Depuis l’Afrique du sud où il se trouve en visite officielle, le président
français, Emmanuel Macron, se félicite d’avoir fait passer ce message de
fermeté, et suspend toute coopération militaire avec l’armée malienne. L’Union
africaine, dont le président en exercice est le chef de l’Etat congolais Félix
Tshisekedi, abonde dans le même sens et suspend le Mali de ses instances. On
cria haro sur le Mali (2) !
Pourtant, le même président congolais, invité à Paris
à l’issue des obsèques du président Idriss Déby, avait avalisé le coup de force
militaire au Tchad où le général Mahamat Déby a succédé à son père. Il s’était
contenté d’un bref : « C’est aussi mon entendement », après que
le président Macron eût délivré un satisfecit aux militaires tchadiens lors
d’une conférence de presse. Deux poids, deux mesures. L’Union africaine ne peut
mieux exprimer son esprit servile !
3 – On nous
vend du vent ou l’avènement des marchands de haine.
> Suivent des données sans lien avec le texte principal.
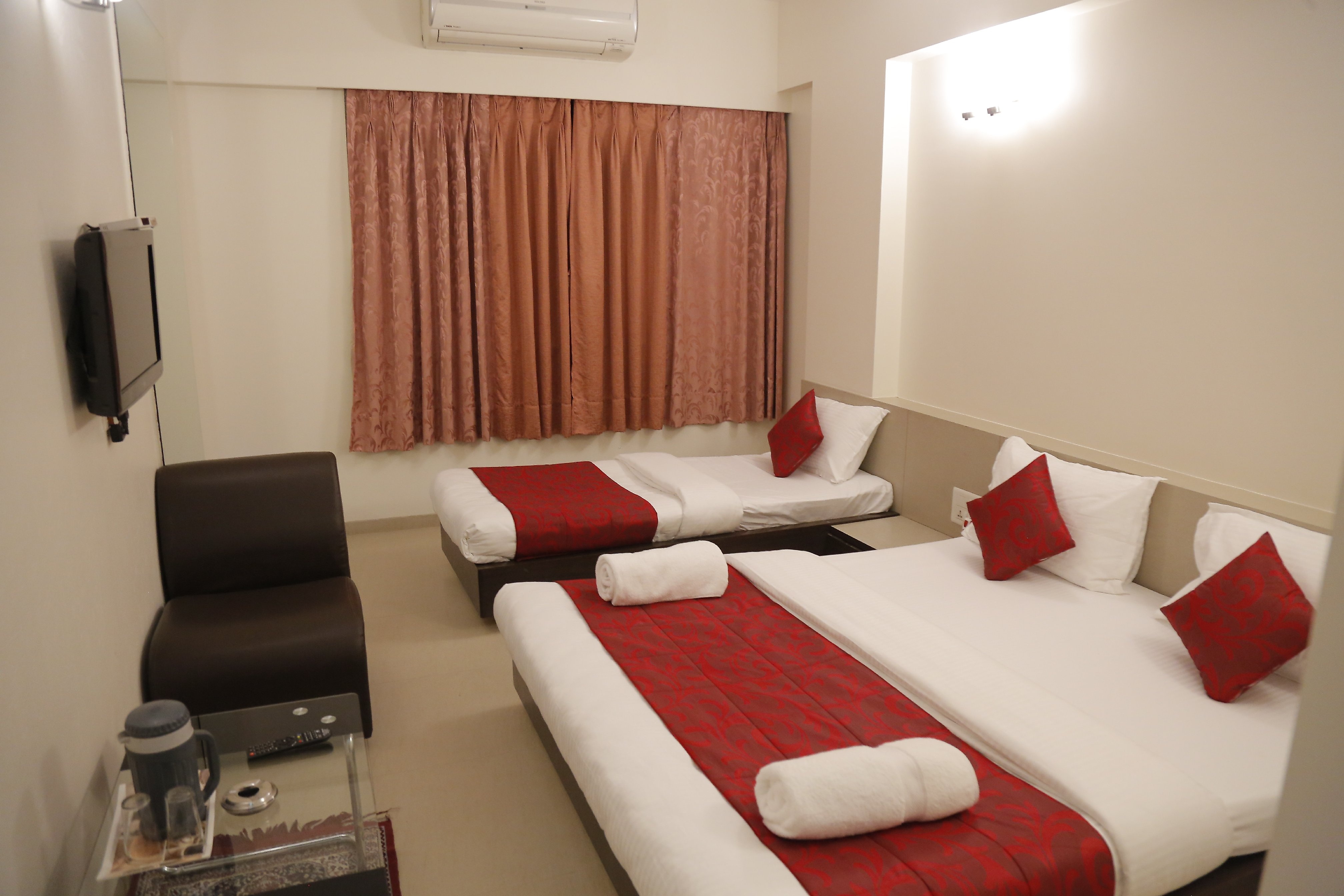 TRIPLE BED A.C. ROOM 1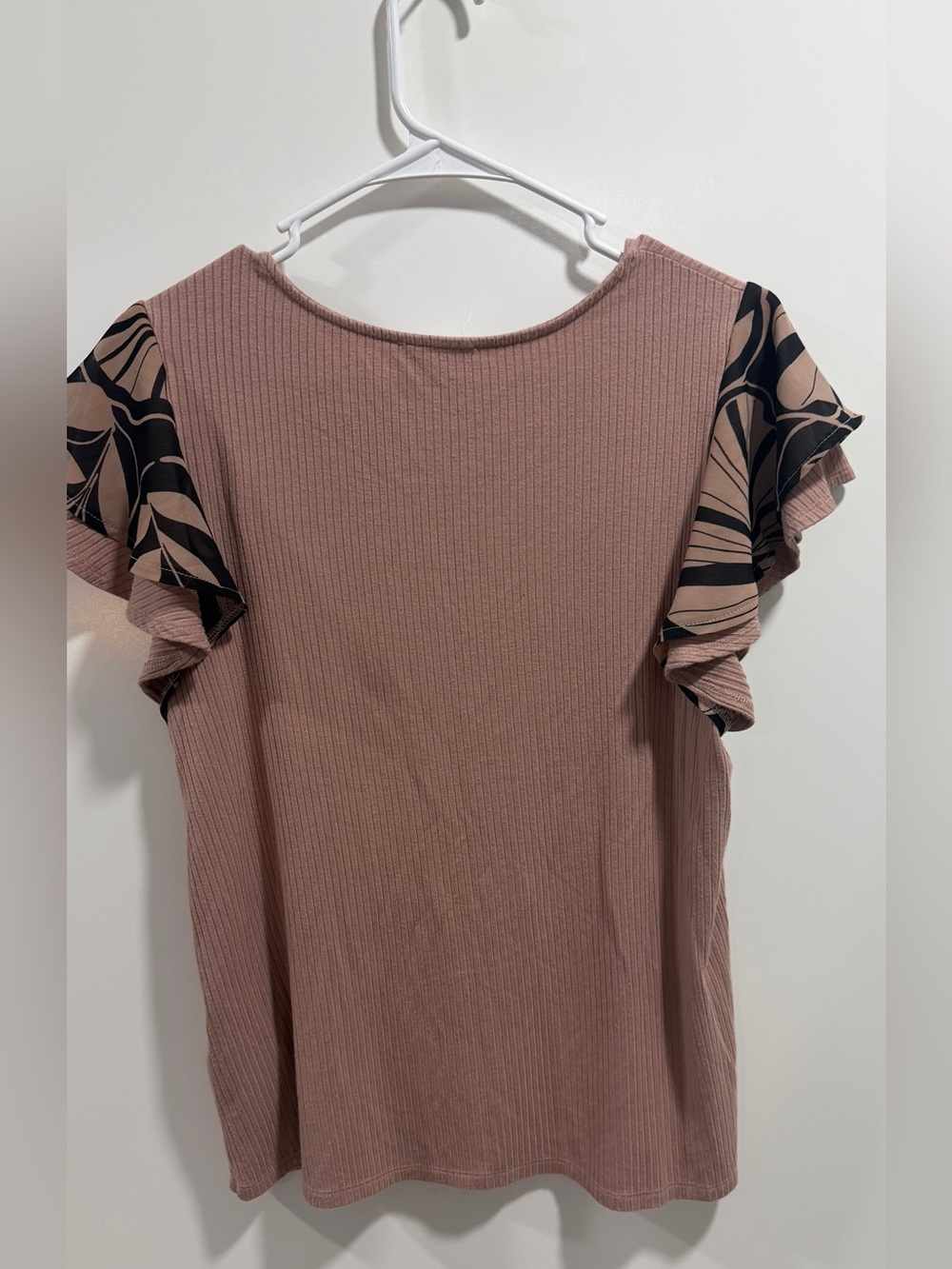 Flutter Sleeve Ribbed Tee in Mauve with Printed Accents - Picture 2 of 3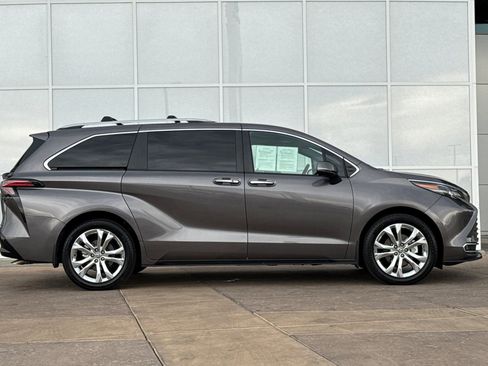 Certified 2024 Toyota Sienna Platinum image 3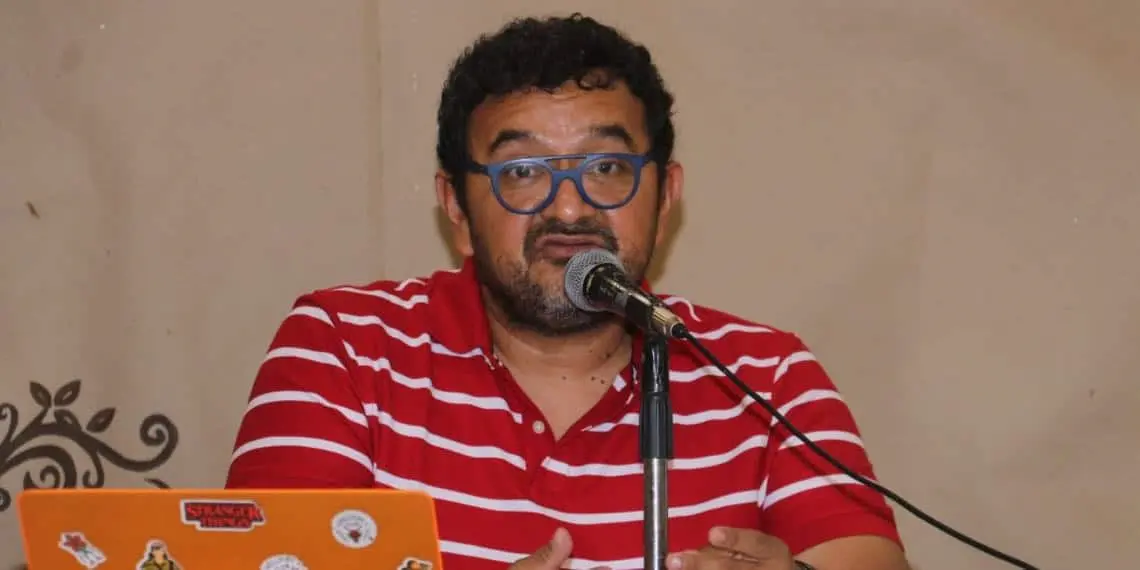 Desvelan datos sobre la vida y el linaje de José Carlos Becerra Desvelan datos sobre la vida y el linaje de José Carlos Becerra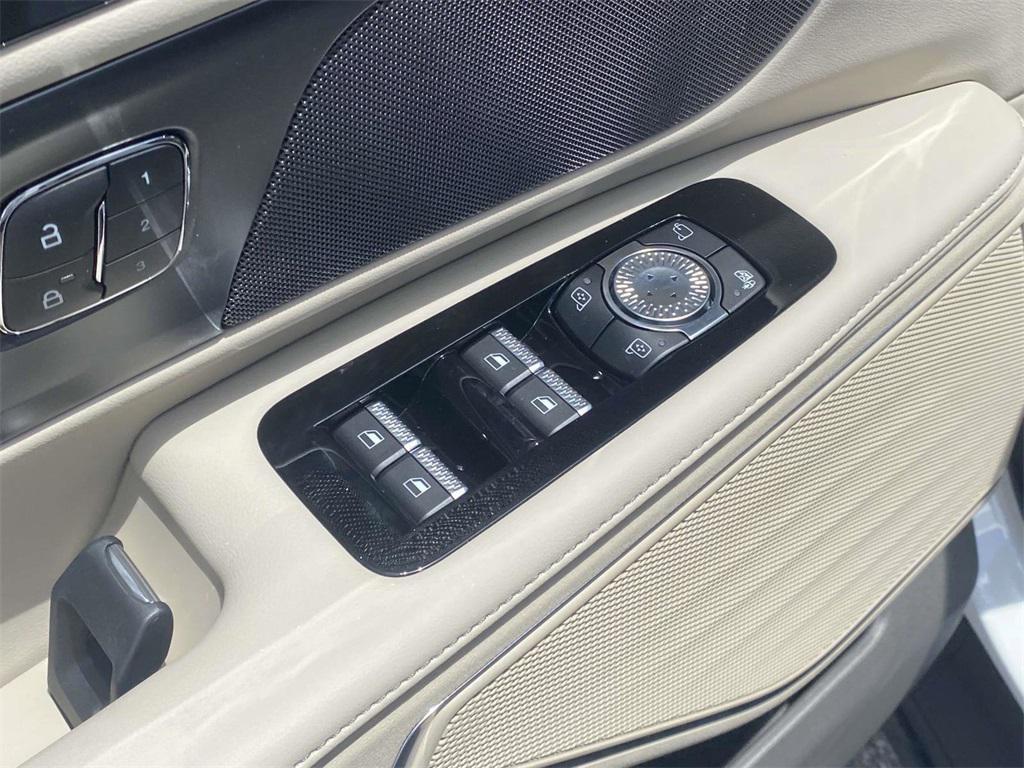 new 2025 Lincoln Nautilus car, priced at $51,619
Deux semaines après ces prises de positions, la France
fait volte-face et le président Macron décide la fin de l’Opération Barkhane au
Sahel. Il reconnaît donc l’échec de cet engagement extérieur et donne ainsi
raison aux populations des pays concernés (3).
Voici venue l’heure des marchands de haine. Ils ont
pignon sur rue, détiennent des titres dans la presse écrite, possèdent des parts
de marché dans les médias télévisés, contrôlent des instituts de sondages et
régentent des agences publicitaires et de communication. Ils concentrent entre
leurs mains ce que Yona Friedman appelle « la mafia des médias » ou
les médias mafieux (4). Ces derniers n’informent plus les citoyens mais ont pour
seul objectif de fabriquer des opinions, à coups de débats artificiels et
stériles. Ils font penser au « monde inverti » de Christopher Priest,
où les éléments subjectifs prennent le pas sur les éléments objectifs. En
France, le concept de médias mafieux renvoie à l’existence de deux groupes
industriels et financiers qui contrôlent l’essentiel du paysage audiovisuel
français. Derrière ces mastodontes, se cachent deux richissimes familles :
Bolloré et Bouygues ! Ces dernières conditionnent les engagements
extérieurs de la France en fonction de leurs intérêts, et font croire désormais
que le ressentiment anti-français qui parcourt les pays africains est téléguidé
par la Russie et la Turquie (5).
4 –
L’exemple spécifique centrafricain.
Ayant pris pied en Oubangui-Chari en 1895 et passées
les affres de la colonisation, la France est engagée en République
centrafricaine depuis l’indépendance du 13 août 1960, marquée déjà par une
épreuve de force politique : l’accès de David Dacko à la présidence de la
République, au détriment d’Abel Goumba, alors chef du gouvernement. Le dernier
épisode de l’intervention de la France en RCA remonte à l’engagement
opérationnel de l’armée française en décembre 2013, à la demande du chef de
l’Etat de la transition, Mme Catherine Samba-Panza, afin de mettre un terme à
une situation « pré génocidaire », aux dire du ministre français
des Affaires étrangères, Laurent Fabius. La mission vise à stopper l’avancée des
troupes rebelles en attendant l’arrivée des Casques bleus de l’ONU, sécuriser
les populations civiles en particulier musulmanes, conduire à des élections
libres, transparentes et crédibles.
Cependant, dès février 2016, la France retire ses
troupes sans préavis. On apprendra plus tard que les militaires français étaient
convaincus de violences sexuelles et de viols sur mineurs (6). La France a donc
préféré sauver « le cul » de ses soldats, au mépris du droit, de la
morale et de la sécurité des populations civiles
centrafricaines.
Les élections ont lieu dans un contexte difficile mais
aux résultats non contestés. Entre temps, le pays est frappé d’un embargo sur
les armes voté par le Conseil de sécurité de l’ONU. Le président élu se tourne
vers la France, qui le renvoie vers Moscou, sans doute pour pousser la Russie à
la faute. Cette dernière négocie une levée partielle et procure des armements
légers aux forces armées centrafricaines, dont elle amorce la formation. Prise à
son propre piège, la France réagit en livrant 1 400 fusils récupérés sur
les contrebandiers de l’océan indien ! Mais l’engagement de Moscou est
incontestable et permet au président Touadéra, réélu en mars 2021, de reprendre
le contrôle de la majorité du territoire.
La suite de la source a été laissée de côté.